Dataset section:
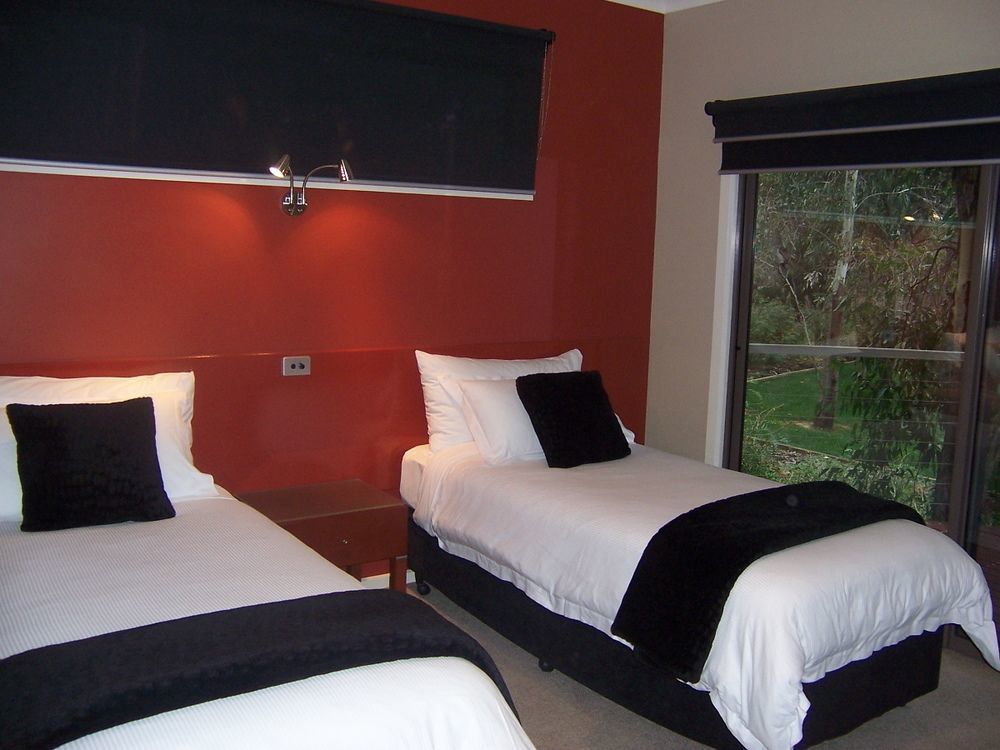 Riverspa Apartments Моама Экстерьер фото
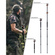 K&F Concept SA254T2 Lightweight Aluminum Compact Tripod with Ball Head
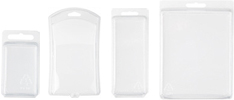 Plastic Clamshell Storage Cases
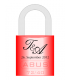 Liebesschloss mit Monogramm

Action item:
What's needed is a word-for-word retyping of the listing, minus its pictures.

Solution below:
 Riverspa Apartments Моама Экстерьер фото
 K&F Concept SA254T2 Lightweight Aluminum Compact Tripod with Ball Head
 Plastic Clamshell Storage Cases
 Liebesschloss mit Monogramm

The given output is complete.